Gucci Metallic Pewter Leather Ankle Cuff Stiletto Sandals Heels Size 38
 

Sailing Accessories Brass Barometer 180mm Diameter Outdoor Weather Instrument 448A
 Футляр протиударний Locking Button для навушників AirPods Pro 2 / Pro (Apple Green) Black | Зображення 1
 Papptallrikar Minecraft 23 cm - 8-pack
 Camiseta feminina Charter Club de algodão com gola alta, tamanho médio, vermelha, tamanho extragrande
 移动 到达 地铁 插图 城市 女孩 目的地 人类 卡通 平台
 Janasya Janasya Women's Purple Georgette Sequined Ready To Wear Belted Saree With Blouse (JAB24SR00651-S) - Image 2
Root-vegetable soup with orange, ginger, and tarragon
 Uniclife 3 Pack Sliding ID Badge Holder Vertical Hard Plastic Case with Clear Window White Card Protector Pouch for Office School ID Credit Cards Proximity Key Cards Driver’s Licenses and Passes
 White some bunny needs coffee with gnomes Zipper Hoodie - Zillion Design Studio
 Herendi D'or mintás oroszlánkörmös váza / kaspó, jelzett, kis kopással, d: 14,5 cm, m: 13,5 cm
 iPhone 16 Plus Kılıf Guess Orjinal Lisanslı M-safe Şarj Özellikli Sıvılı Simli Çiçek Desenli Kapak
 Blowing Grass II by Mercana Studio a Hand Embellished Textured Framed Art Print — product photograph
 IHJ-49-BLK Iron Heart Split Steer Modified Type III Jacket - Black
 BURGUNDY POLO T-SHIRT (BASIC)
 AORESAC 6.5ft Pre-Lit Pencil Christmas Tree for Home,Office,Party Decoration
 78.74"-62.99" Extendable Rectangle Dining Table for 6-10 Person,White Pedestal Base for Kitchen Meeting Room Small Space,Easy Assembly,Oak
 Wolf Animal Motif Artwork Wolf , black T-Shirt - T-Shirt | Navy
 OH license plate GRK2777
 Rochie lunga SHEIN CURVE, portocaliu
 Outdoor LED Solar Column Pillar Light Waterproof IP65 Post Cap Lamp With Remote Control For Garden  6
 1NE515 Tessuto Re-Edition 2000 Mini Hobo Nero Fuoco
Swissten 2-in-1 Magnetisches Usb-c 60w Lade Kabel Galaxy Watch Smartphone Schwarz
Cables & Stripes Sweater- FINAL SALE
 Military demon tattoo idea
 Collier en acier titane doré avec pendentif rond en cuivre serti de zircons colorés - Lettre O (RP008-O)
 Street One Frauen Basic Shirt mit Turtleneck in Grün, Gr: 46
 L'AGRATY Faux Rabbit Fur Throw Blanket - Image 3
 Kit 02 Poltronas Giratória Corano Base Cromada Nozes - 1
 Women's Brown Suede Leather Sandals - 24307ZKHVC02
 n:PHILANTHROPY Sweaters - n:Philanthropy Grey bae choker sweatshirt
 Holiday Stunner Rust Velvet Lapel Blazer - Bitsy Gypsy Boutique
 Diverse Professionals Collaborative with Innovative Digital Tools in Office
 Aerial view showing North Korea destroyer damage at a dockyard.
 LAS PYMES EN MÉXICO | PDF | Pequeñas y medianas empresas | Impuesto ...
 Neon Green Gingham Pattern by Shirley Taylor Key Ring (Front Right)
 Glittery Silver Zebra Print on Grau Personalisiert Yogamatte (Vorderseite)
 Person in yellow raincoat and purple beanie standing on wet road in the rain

━━━━━━

**ACTION ITEM:**
Would you please output every record again, exactly?

**SOLUTION TO THIS TASK:**
Gucci Metallic Pewter Leather Ankle Cuff Stiletto Sandals Heels Size 38
 

Sailing Accessories Brass Barometer 180mm Diameter Outdoor Weather Instrument 448A
 Футляр протиударний Locking Button для навушників AirPods Pro 2 / Pro (Apple Green) Black | Зображення 1
 Papptallrikar Minecraft 23 cm - 8-pack
 Camiseta feminina Charter Club de algodão com gola alta, tamanho médio, vermelha, tamanho extragrande
 移动 到达 地铁 插图 城市 女孩 目的地 人类 卡通 平台
 Janasya Janasya Women's Purple Georgette Sequined Ready To Wear Belted Saree With Blouse (JAB24SR00651-S) - Image 2
Root-vegetable soup with orange, ginger, and tarragon
 Uniclife 3 Pack Sliding ID Badge Holder Vertical Hard Plastic Case with Clear Window White Card Protector Pouch for Office School ID Credit Cards Proximity Key Cards Driver’s Licenses and Passes
 White some bunny needs coffee with gnomes Zipper Hoodie - Zillion Design Studio
 Herendi D'or mintás oroszlánkörmös váza / kaspó, jelzett, kis kopással, d: 14,5 cm, m: 13,5 cm
 iPhone 16 Plus Kılıf Guess Orjinal Lisanslı M-safe Şarj Özellikli Sıvılı Simli Çiçek Desenli Kapak
 Blowing Grass II by Mercana Studio a Hand Embellished Textured Framed Art Print — product photograph
 IHJ-49-BLK Iron Heart Split Steer Modified Type III Jacket - Black
 BURGUNDY POLO T-SHIRT (BASIC)
 AORESAC 6.5ft Pre-Lit Pencil Christmas Tree for Home,Office,Party Decoration
 78.74"-62.99" Extendable Rectangle Dining Table for 6-10 Person,White Pedestal Base for Kitchen Meeting Room Small Space,Easy Assembly,Oak
 Wolf Animal Motif Artwork Wolf , black T-Shirt - T-Shirt | Navy
 OH license plate GRK2777
 Rochie lunga SHEIN CURVE, portocaliu
 Outdoor LED Solar Column Pillar Light Waterproof IP65 Post Cap Lamp With Remote Control For Garden  6
 1NE515 Tessuto Re-Edition 2000 Mini Hobo Nero Fuoco
Swissten 2-in-1 Magnetisches Usb-c 60w Lade Kabel Galaxy Watch Smartphone Schwarz
Cables & Stripes Sweater- FINAL SALE
 Military demon tattoo idea
 Collier en acier titane doré avec pendentif rond en cuivre serti de zircons colorés - Lettre O (RP008-O)
 Street One Frauen Basic Shirt mit Turtleneck in Grün, Gr: 46
 L'AGRATY Faux Rabbit Fur Throw Blanket - Image 3
 Kit 02 Poltronas Giratória Corano Base Cromada Nozes - 1
 Women's Brown Suede Leather Sandals - 24307ZKHVC02
 n:PHILANTHROPY Sweaters - n:Philanthropy Grey bae choker sweatshirt
 Holiday Stunner Rust Velvet Lapel Blazer - Bitsy Gypsy Boutique
 Diverse Professionals Collaborative with Innovative Digital Tools in Office
 Aerial view showing North Korea destroyer damage at a dockyard.
 LAS PYMES EN MÉXICO | PDF | Pequeñas y medianas empresas | Impuesto ...
 Neon Green Gingham Pattern by Shirley Taylor Key Ring (Front Right)
 Glittery Silver Zebra Print on Grau Personalisiert Yogamatte (Vorderseite)
 Person in yellow raincoat and purple beanie standing on wet road in the rain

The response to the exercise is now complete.